▶ **WHAT TO DO**:
Only one part of the listing is needed: the lines from the one with "Dames Warme Lichtgewicht" through the last line, copied exactly and free of pictures.
[Opening EXTRACTED RECORDS section]
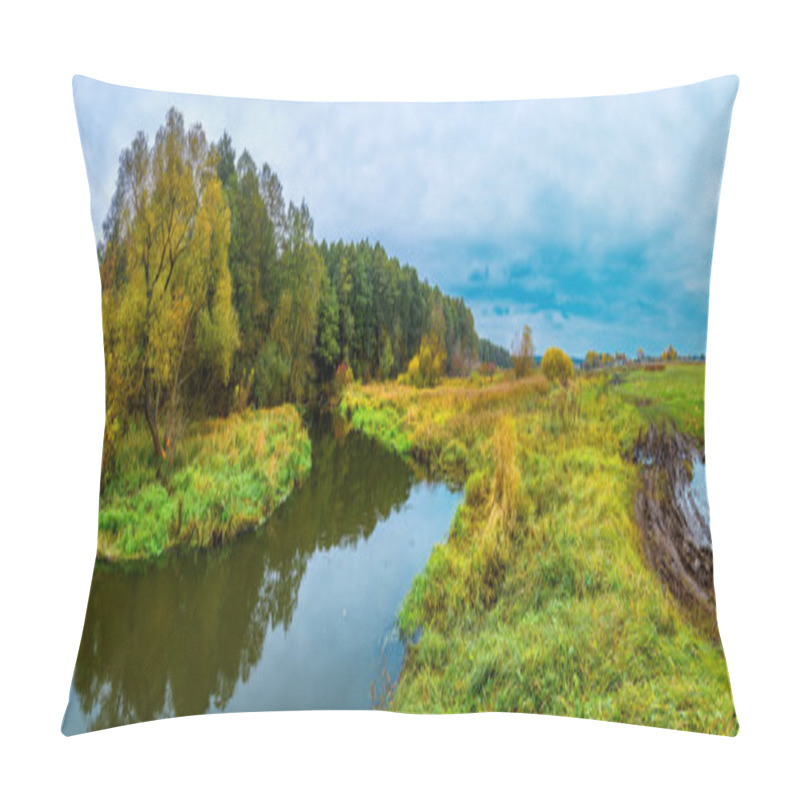 Personality  Landscape With Forest Lake In Autumn. Panorama Pillow Covers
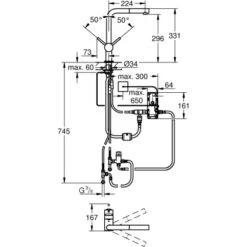 Grohe Elektronische Einhand-Küchenarmatur Minta Touch L-Auslauf -Obi Kuche Geschaft ltischbatterie mazeichnung 6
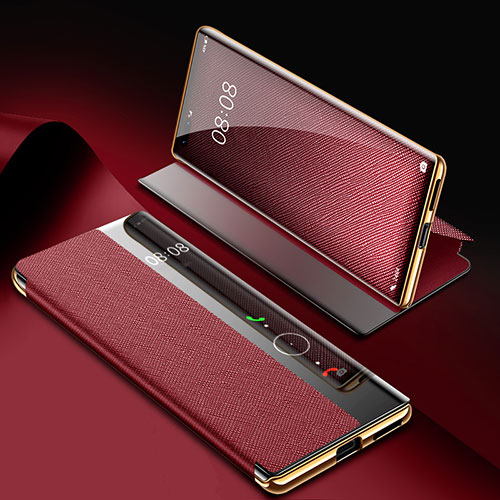 Leather Case Stands Flip Cover K07 Holder for Huawei Mate 40E Pro 5G Red Wine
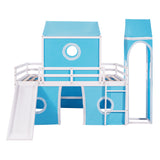 Full Size Bunk Bed with Slide Blue Tent and Tower - Blue - Home Elegance USA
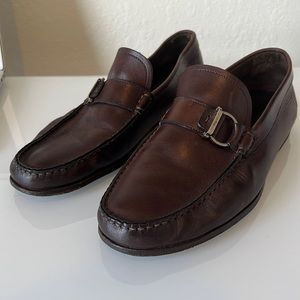 Salvatore Ferragamo man shoes in brown leather size 8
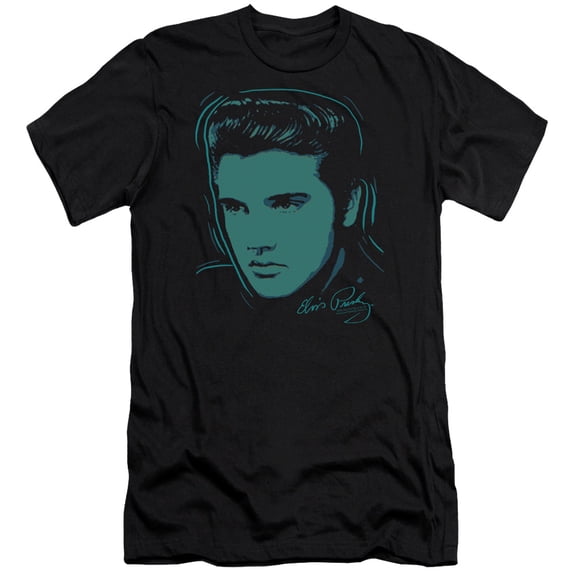 Elvis Presley Young Dots Premium Canvas Slim Fit T-Shirt Black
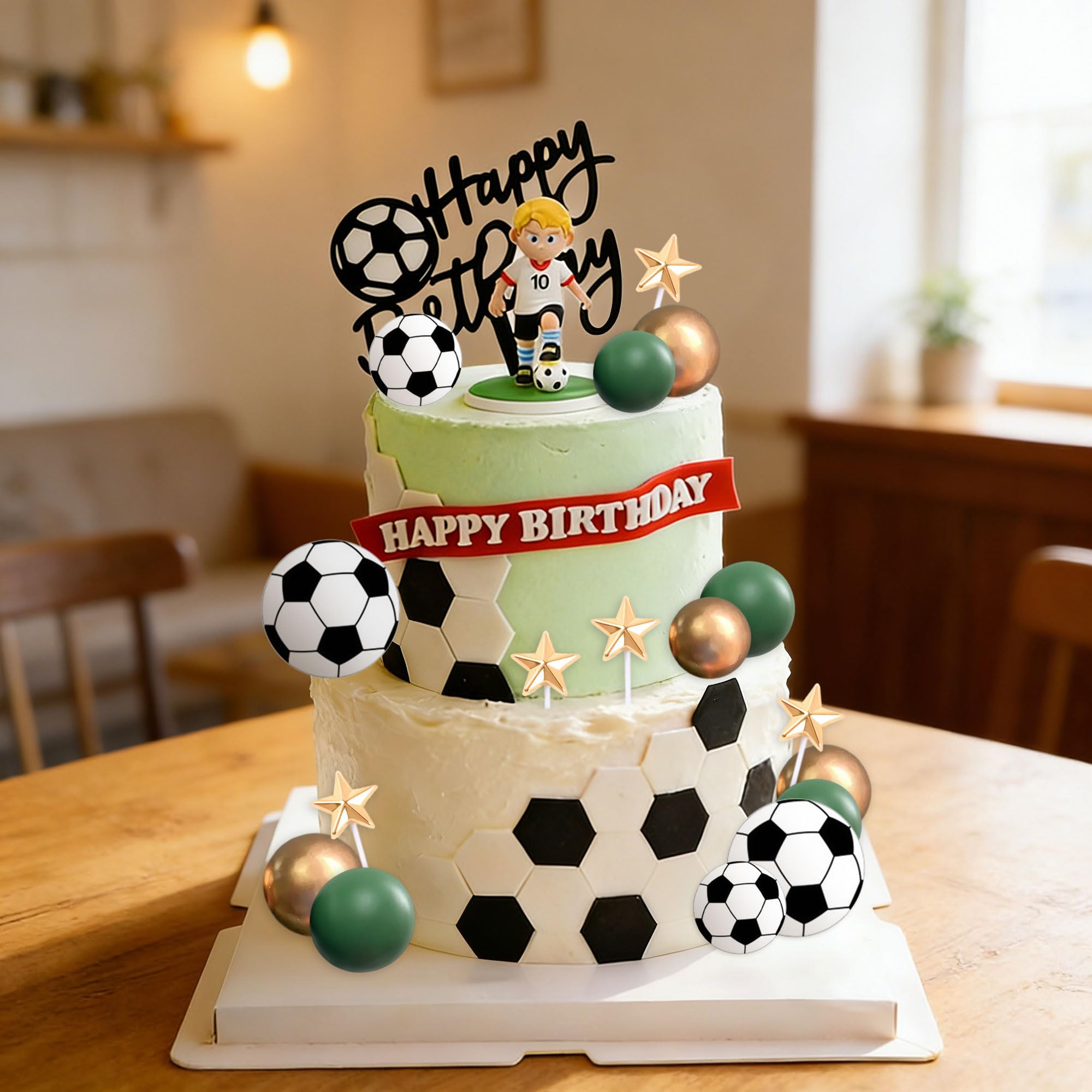 Soccer Cake Topper Soccer Ball Player Cake Decorations Football Birthday Cake Decoration for Men Soccer Sport Theme Birthday Party Supplies - Image 4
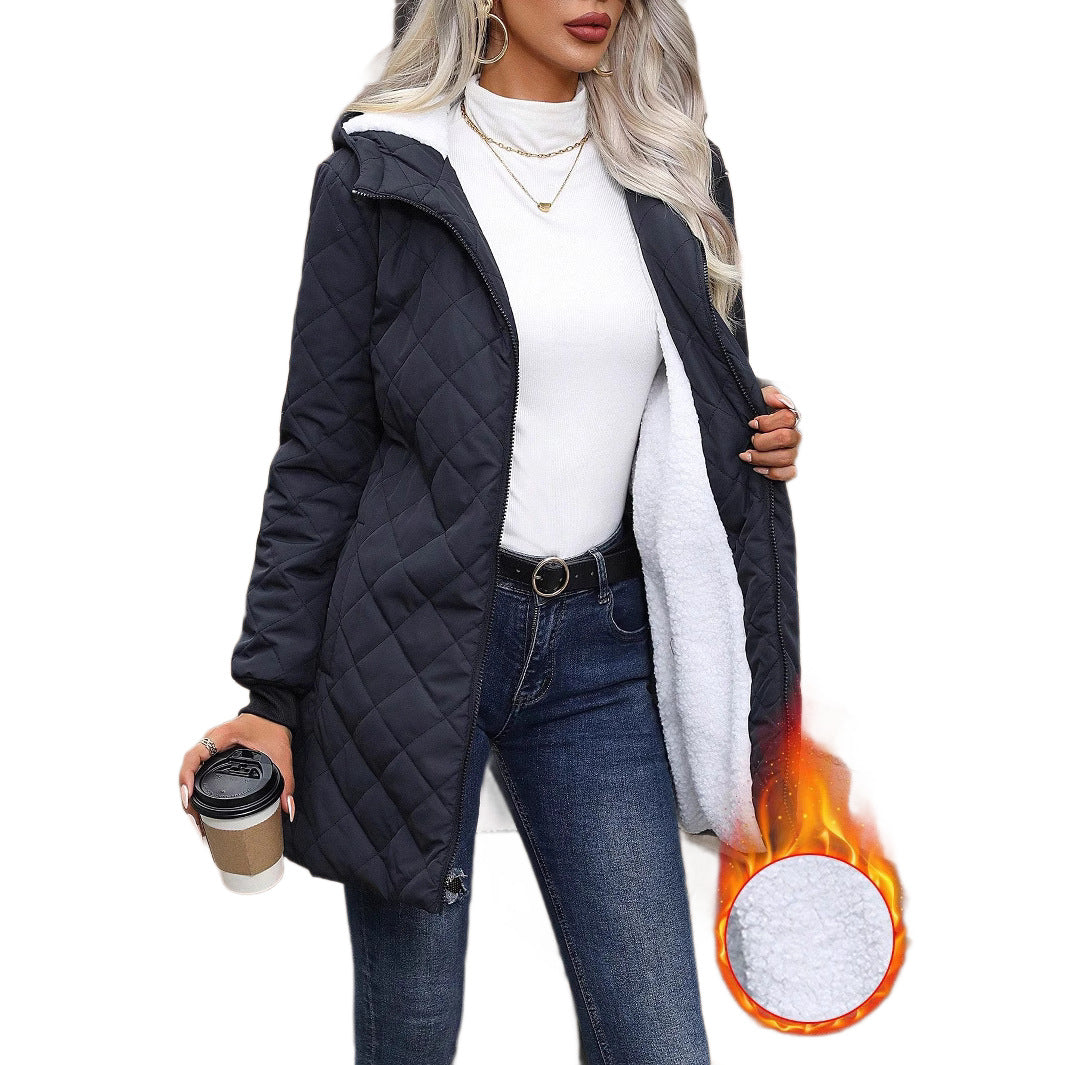 Dames Warme Lichtgewicht Comfortabele Gewatteerde Jas met Capuchon | Bodila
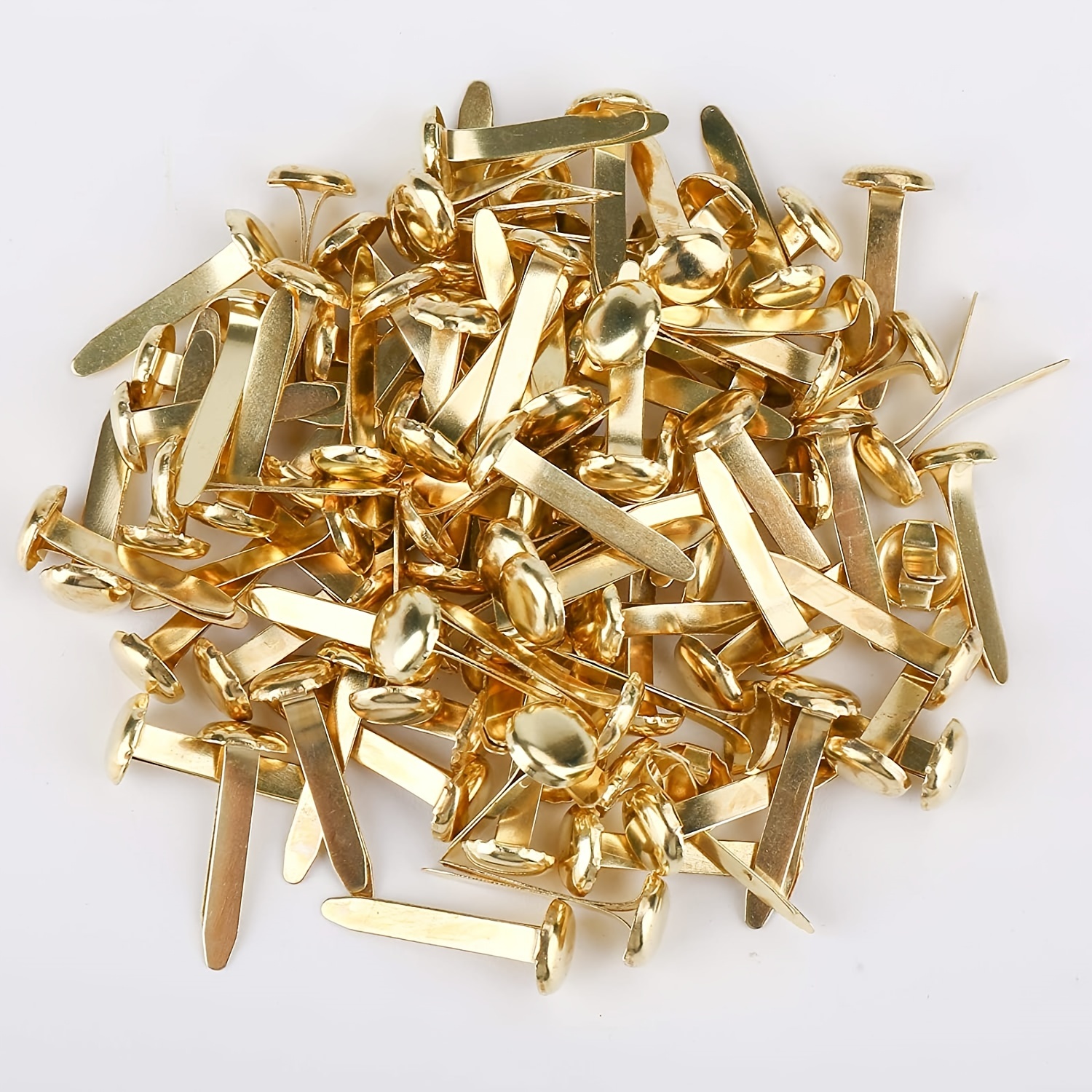 100PCS Brads Paper Fasteners Brass Round Mini Metal Brads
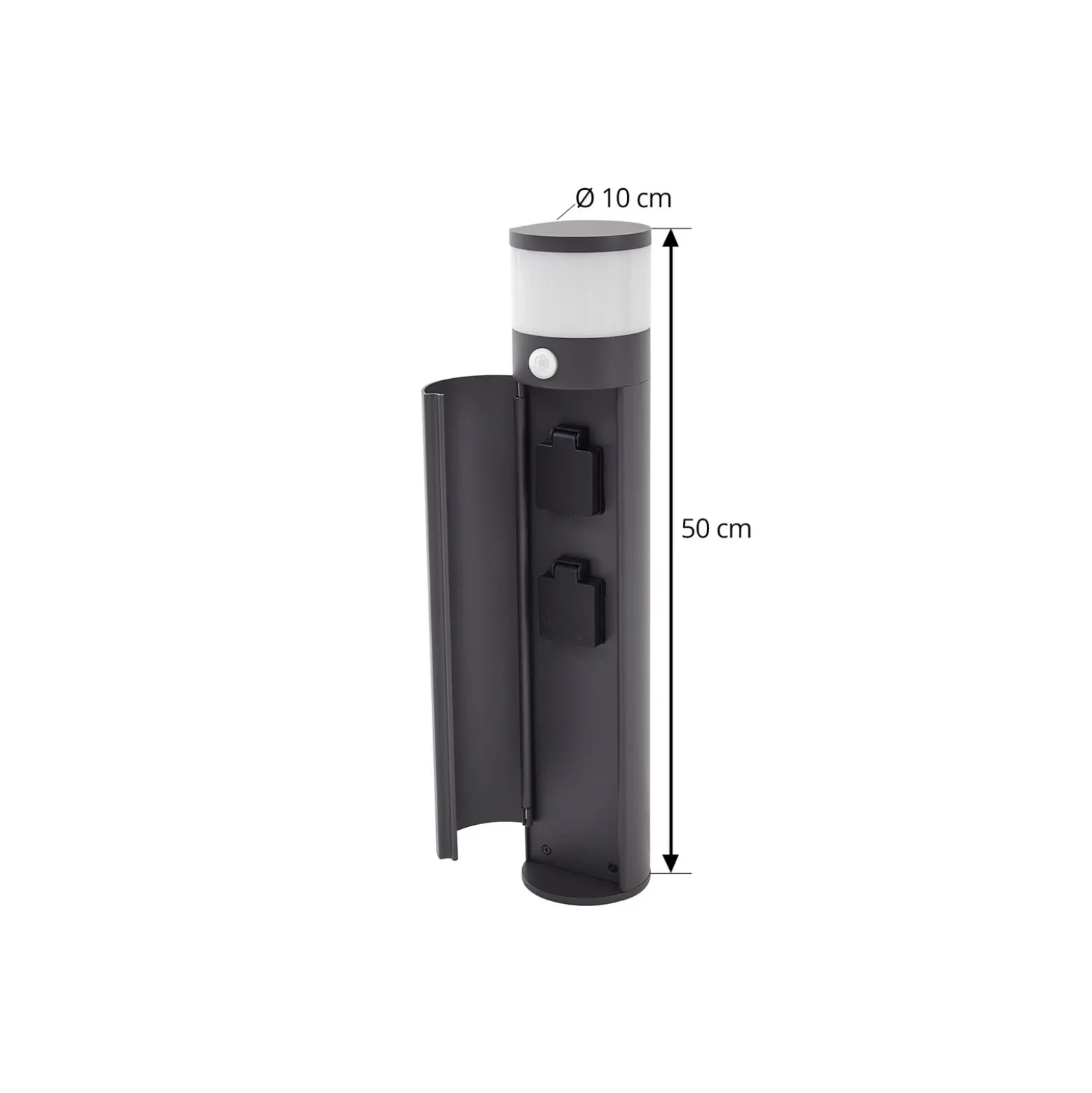 Lucande Lámpara sobremuro Corban, gris, sensor, enchufes, IP44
[Closing EXTRACTED RECORDS section]
▶ **ANSWER SPACE**:
 Dames Warme Lichtgewicht Comfortabele Gewatteerde Jas met Capuchon | Bodila
 100PCS Brads Paper Fasteners Brass Round Mini Metal Brads
 Lucande Lámpara sobremuro Corban, gris, sensor, enchufes, IP44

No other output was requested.